Batman: The Greatest Stories Ever Told

Batman: The Greatest Stories Ever Told

By Various (DC Comics)
ISBN: 1-84576-038-7

If you buy into the myth, then there are actually many, many great Batman stories. Over the decades lots of very talented creators excelled themselves with the various toys and icons of Gotham City. That’s not to say that there haven’t been some real turkeys along the way, but on the whole people seem to extend themselves for Batman. Often the real problem is one of context, since many stories worry reprint editors in terms of “Sell-By Date”; as if nearly eight decades of creativity can avoid looking dated to some modern consumers.

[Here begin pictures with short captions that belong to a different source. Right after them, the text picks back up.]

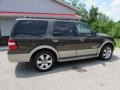 2008 Stone Green Metallic Ford Expedition Eddie Bauer 4x4  photo #6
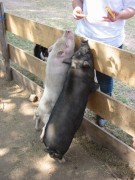 2006 059 tinkerweekend waldmohr juli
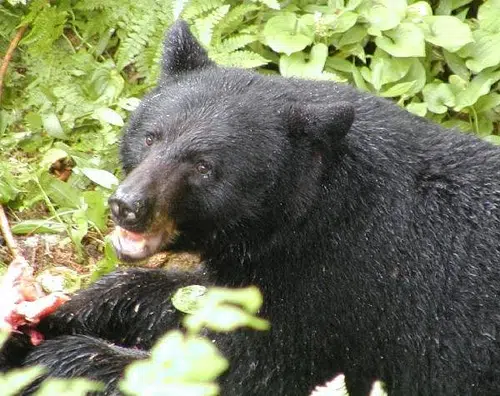 Reports of bears 'above average' in Saskatchewan: province
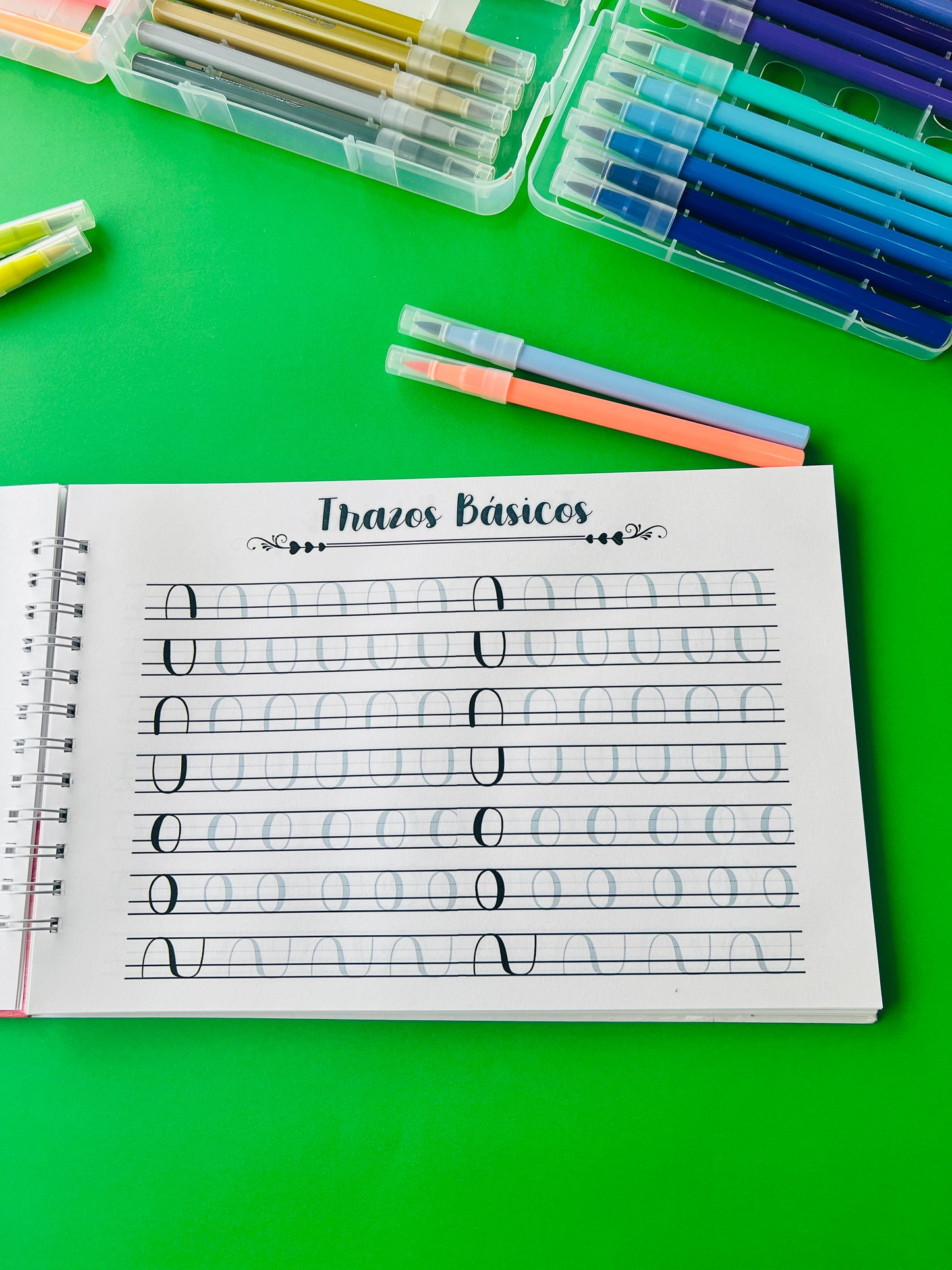 Libro de lettering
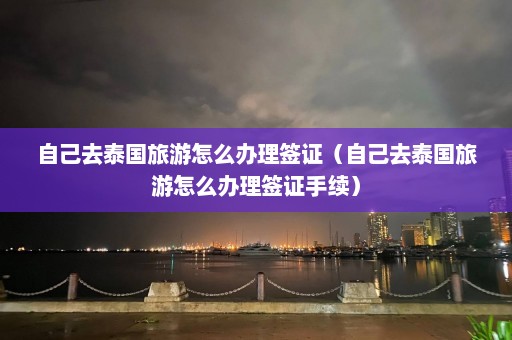 自己去泰国旅游怎么办理签证（自己去泰国旅游怎么办理签证手续）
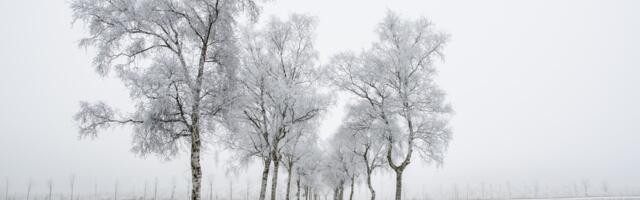 Teedel võib olla libedust!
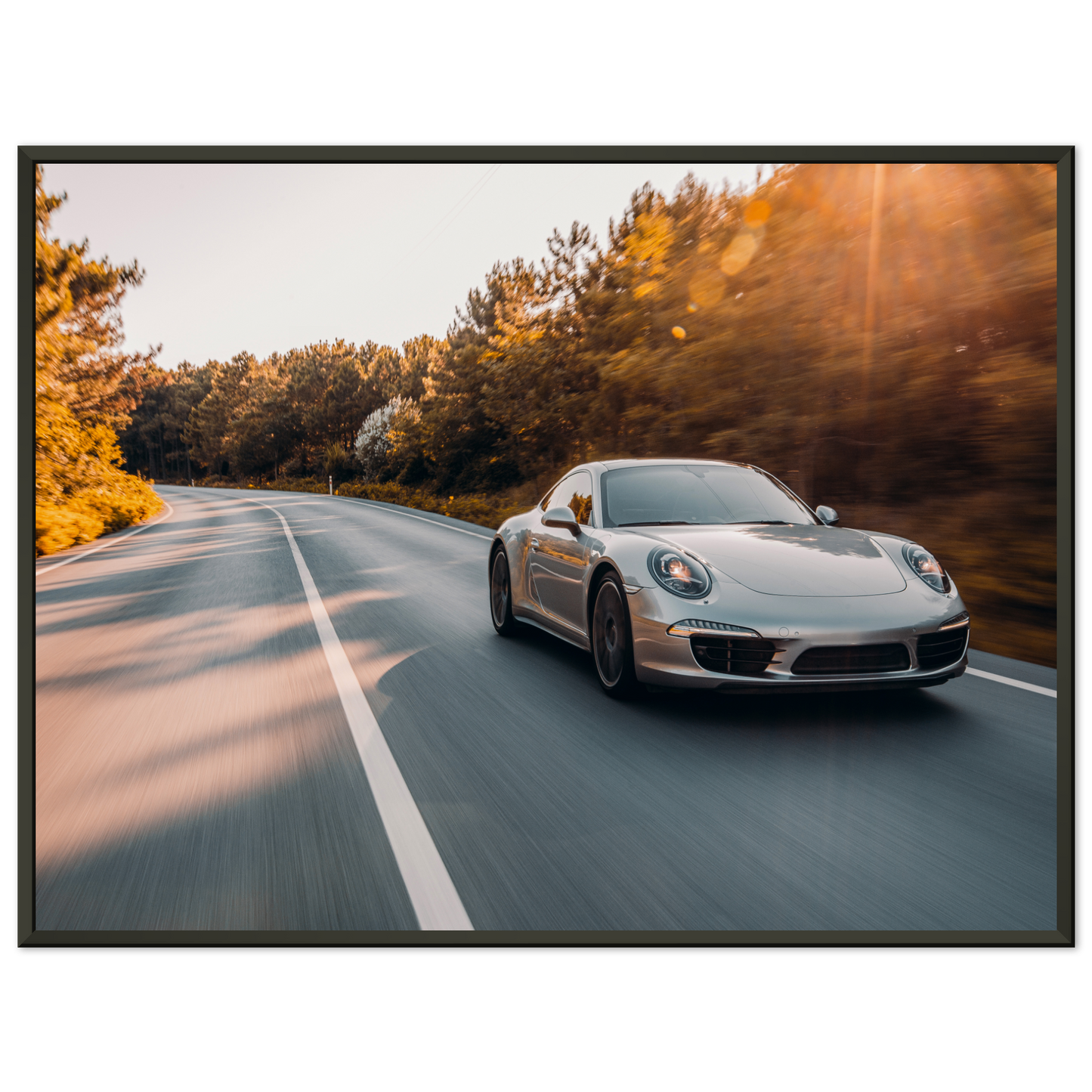 Porsche 911 (991) Road (PORSCHE11)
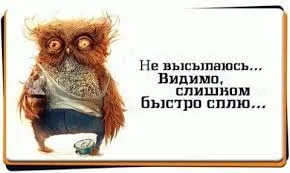 Без названия (16).webp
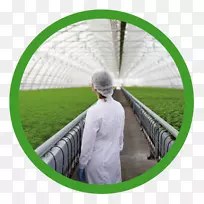 农业科学存量摄影研究生物技术-空若网 农业科学存量摄影研究生物技术-空若网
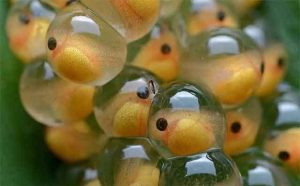 Pourquoi rêver d'oeufs de poisson ?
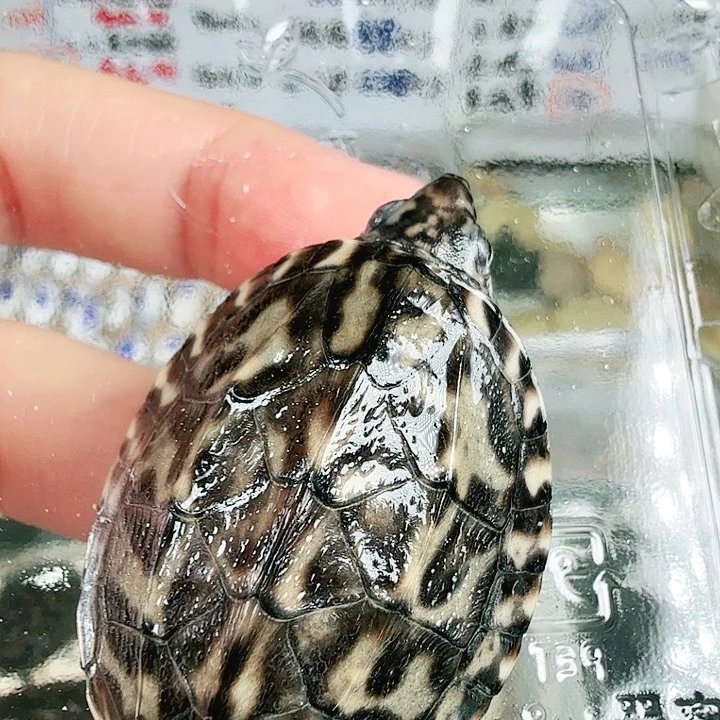 不分公母蛋龟墨蛋1180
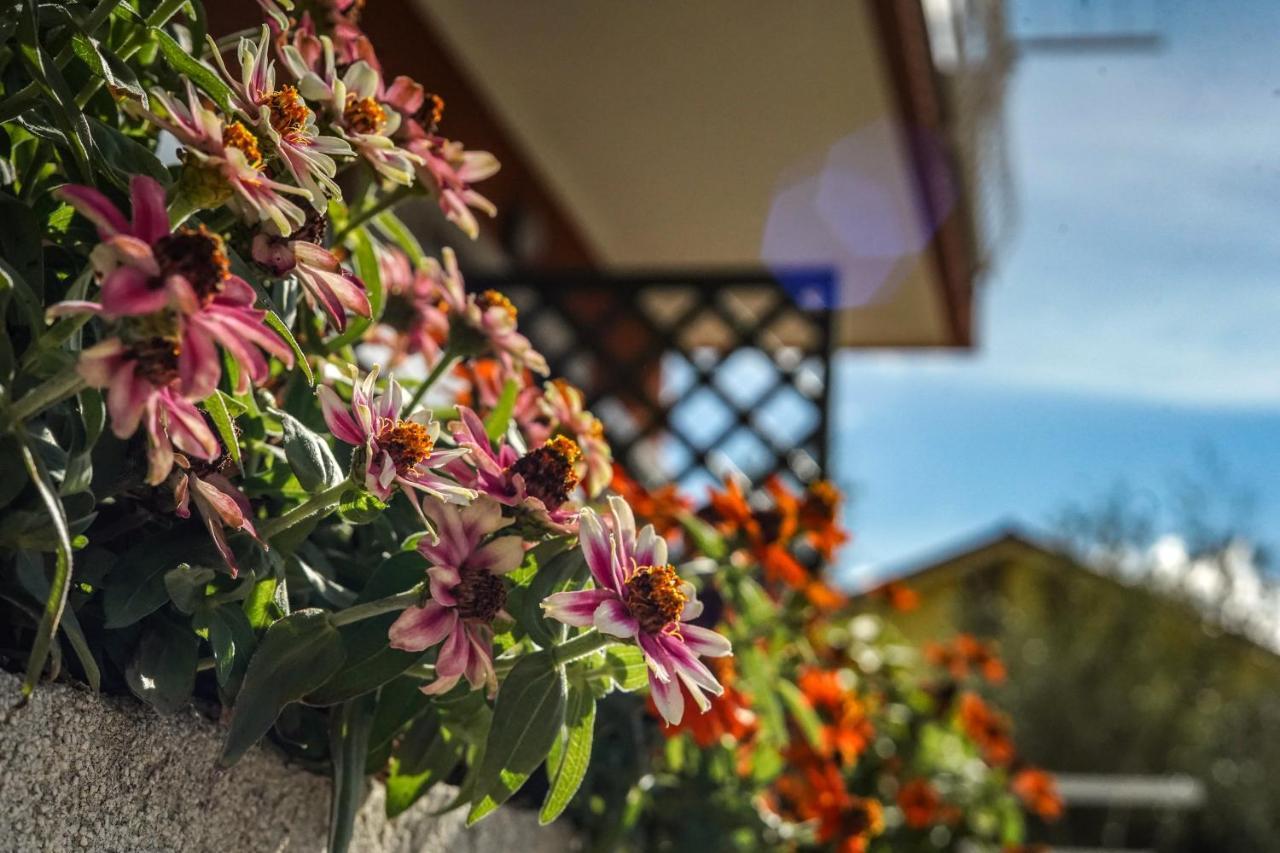 Agriturismo La Rocca サン・バルトロメーオ・アル・マーレ エクステリア 写真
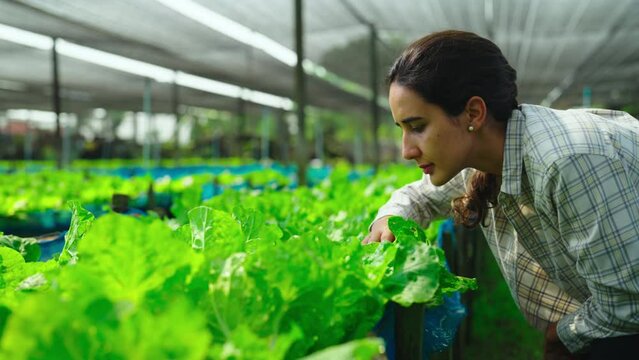 Female farmer working at organic farm. She checking vegetable at greenhouse. Lifestyleand farmer concept.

Guys, who cares? These are the ones who want to colourise Citizen Kane and Arsenic and Old Lace, add cell-phones to Shakespeare and never read any book written before 1989. If they can’t get Wuthering Heights unless Angelina’s in it, their money’s no good anyway.

At least this selection contains a few general rarities from the canon, although the origin from Detective Comics #33 (1939) has been seen so often that most fans can draw it from memory – and many parody artists have. ‘The Case of the Honest Crook’ comes from Batman #5 (1941) and ‘The Secret Life of the Catwoman’ is from #62 (1951). ‘Robin Dies at Dawn’ (Batman #156, 1963) is one of the last classic-look tales before Julie Schwartz, John Broome and Gardner Fox projected Batman into the Silver Age of Comics with their “New Look”, a period strangely unrepresented here.

‘The Batman Nobody Knows’ comes from Batman #250, an attempt by Frank Robbins and Dick Giordano to rationalize the then newly-restored aura of mystery to the character, whilst ‘The Joker’s Five-Way Revenge’ (Batman #251, 1973) is a genuine classic from Denny O’Neil and Neal Adams that totally redefined the Joker for our age. For many people this is The Definitive Batman/Joker story.

Steve Englehart is fondly remembered for his collaboration with Marshall Rogers, but ‘Night of the Stalker’ (Detective #439, 1974), illustrated by Vin and Sal Amendola, with Giordano inks is one of his most powerful and emotive successes, but Rogers’s accompanying illustrations for O’Neil’s lacklustre prose vignette ‘Death Comes at Midnight and Three’ displays little of his design skill. It originally ran in DC Special Series #15 (1978). Number 21 of that magazine (1980) gave us Frank Miller’s first Bat story when he illustrated O’Neil’s ‘Wanted: Santa Claus – Dead or Alive’.

In 1987 legendary and beloved artist Dick Sprang was coaxed out of retirement to produce a double page spread for Detective #572, which here precedes the introspective ‘…My Beginning… and My Probable End’ (Detective #574), by Mike W Barr, Alan Davis and Paul Neary. Bringing us out of the nineties is ‘Favourite Things’ by Mark Millar and Steve Yeowell (Legends of the Dark Knight #79, 1996) and the twenty-first century is represented by ’24/7′ by Devin Grayson and Roger Robinson from Gotham Knights #32 (2002).

In an industry that’s constantly seeking to reinvent and revitalize itself, it’s oddly reassuring to see that entertainment can have a timeless quality, even in a supposedly “throw-away” medium like the comic strip.